What needs to be done: Take the data below. Output it exactly from its first line through the line containing "Denali reflection in lake in Alaska".

Items listed in a dataset
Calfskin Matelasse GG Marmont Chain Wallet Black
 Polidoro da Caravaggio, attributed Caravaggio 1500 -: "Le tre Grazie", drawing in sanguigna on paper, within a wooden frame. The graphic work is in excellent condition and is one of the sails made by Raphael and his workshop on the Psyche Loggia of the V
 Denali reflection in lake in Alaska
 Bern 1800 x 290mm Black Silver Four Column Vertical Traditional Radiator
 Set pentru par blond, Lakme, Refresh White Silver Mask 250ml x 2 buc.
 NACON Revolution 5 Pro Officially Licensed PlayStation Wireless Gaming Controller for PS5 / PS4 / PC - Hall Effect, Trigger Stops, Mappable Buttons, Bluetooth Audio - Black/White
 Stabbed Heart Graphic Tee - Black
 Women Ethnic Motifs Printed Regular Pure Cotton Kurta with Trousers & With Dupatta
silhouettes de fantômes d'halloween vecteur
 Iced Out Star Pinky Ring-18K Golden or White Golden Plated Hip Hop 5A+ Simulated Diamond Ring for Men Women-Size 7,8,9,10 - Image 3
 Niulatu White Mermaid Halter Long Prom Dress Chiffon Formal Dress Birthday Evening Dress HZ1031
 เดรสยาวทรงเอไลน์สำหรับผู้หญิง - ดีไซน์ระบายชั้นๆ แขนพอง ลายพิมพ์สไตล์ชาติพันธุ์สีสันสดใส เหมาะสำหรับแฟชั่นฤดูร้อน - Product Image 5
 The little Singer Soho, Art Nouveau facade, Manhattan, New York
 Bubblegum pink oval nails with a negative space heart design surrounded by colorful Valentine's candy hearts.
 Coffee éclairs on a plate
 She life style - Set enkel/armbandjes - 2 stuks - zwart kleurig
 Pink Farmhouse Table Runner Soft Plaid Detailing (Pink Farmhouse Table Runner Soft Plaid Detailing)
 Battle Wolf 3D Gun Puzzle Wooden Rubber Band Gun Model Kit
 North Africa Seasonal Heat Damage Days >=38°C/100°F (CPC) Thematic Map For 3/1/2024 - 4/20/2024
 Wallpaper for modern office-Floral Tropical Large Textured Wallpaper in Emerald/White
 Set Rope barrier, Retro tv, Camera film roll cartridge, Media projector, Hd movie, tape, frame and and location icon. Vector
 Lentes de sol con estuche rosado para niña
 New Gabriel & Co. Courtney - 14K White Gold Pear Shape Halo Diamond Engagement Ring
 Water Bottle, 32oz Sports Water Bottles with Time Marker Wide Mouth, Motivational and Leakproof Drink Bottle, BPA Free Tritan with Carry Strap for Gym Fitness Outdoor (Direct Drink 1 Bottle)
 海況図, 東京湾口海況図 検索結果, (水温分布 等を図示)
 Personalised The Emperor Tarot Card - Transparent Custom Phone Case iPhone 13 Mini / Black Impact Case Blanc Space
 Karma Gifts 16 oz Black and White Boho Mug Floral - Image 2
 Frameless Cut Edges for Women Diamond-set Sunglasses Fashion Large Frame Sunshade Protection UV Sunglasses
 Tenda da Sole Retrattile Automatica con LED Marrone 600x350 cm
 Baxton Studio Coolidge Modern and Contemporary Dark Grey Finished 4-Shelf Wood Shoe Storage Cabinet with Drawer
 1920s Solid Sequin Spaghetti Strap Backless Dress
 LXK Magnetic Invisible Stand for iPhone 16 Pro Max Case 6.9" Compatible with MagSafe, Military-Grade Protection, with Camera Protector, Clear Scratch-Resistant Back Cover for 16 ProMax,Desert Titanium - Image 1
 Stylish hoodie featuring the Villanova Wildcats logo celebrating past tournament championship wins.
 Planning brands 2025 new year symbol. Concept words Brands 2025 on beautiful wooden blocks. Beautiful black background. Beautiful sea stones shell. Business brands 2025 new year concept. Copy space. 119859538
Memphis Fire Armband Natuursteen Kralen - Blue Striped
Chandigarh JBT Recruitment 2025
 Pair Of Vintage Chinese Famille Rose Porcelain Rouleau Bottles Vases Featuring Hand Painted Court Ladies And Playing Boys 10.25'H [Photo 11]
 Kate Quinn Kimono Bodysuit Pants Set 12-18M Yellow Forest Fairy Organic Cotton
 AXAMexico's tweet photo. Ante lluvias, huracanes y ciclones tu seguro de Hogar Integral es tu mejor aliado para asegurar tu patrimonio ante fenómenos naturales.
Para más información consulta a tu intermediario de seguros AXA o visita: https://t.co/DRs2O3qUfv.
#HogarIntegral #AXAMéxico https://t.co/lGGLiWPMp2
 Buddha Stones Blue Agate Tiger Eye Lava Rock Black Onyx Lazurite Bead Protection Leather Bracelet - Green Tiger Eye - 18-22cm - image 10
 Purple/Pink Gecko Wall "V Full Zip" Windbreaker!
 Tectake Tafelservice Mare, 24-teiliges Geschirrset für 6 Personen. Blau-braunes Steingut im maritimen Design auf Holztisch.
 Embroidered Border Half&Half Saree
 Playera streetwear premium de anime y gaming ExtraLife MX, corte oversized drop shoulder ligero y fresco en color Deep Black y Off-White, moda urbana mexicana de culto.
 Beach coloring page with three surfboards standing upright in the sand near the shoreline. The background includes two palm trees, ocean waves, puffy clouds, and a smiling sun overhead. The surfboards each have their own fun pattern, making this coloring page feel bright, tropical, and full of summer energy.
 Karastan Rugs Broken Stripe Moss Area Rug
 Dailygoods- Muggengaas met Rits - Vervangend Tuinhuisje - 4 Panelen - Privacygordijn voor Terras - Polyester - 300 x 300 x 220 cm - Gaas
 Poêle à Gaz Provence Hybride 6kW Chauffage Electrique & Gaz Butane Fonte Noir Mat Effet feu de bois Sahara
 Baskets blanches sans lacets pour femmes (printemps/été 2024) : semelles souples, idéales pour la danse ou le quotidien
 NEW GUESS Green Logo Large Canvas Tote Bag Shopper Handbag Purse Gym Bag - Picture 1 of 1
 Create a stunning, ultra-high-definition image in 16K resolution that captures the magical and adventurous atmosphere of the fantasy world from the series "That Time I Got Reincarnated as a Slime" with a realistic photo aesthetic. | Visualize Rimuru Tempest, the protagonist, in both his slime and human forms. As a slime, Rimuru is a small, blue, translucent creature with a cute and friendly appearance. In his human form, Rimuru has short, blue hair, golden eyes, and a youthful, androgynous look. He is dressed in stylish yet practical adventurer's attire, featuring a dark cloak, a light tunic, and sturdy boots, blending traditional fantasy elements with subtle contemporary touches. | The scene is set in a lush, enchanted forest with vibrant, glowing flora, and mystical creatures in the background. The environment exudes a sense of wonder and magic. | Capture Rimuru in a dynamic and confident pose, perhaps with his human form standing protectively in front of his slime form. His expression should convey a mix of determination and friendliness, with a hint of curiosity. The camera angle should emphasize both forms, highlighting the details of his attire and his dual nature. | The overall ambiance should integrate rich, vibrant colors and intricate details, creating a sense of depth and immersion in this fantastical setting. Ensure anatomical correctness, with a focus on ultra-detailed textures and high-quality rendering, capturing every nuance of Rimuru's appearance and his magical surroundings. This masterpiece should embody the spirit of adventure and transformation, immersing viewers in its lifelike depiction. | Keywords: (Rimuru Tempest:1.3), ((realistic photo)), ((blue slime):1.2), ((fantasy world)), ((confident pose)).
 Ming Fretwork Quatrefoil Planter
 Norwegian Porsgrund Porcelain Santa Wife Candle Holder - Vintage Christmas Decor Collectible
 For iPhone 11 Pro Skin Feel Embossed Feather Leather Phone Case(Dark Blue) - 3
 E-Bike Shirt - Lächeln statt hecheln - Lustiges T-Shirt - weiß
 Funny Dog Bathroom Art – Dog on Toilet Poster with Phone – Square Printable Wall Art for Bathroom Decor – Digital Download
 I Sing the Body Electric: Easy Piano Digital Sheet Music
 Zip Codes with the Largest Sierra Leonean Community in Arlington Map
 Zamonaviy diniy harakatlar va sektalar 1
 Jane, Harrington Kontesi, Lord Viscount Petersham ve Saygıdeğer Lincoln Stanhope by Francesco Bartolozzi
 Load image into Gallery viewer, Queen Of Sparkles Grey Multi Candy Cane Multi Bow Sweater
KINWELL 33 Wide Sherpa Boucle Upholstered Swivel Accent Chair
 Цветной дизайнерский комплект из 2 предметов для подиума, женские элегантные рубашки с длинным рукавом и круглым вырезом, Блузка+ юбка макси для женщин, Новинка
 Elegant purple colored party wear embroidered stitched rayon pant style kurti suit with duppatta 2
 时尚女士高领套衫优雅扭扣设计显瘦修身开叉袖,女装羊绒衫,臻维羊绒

Answer section:
Calfskin Matelasse GG Marmont Chain Wallet Black
 Polidoro da Caravaggio, attributed Caravaggio 1500 -: "Le tre Grazie", drawing in sanguigna on paper, within a wooden frame. The graphic work is in excellent condition and is one of the sails made by Raphael and his workshop on the Psyche Loggia of the V
 Denali reflection in lake in Alaska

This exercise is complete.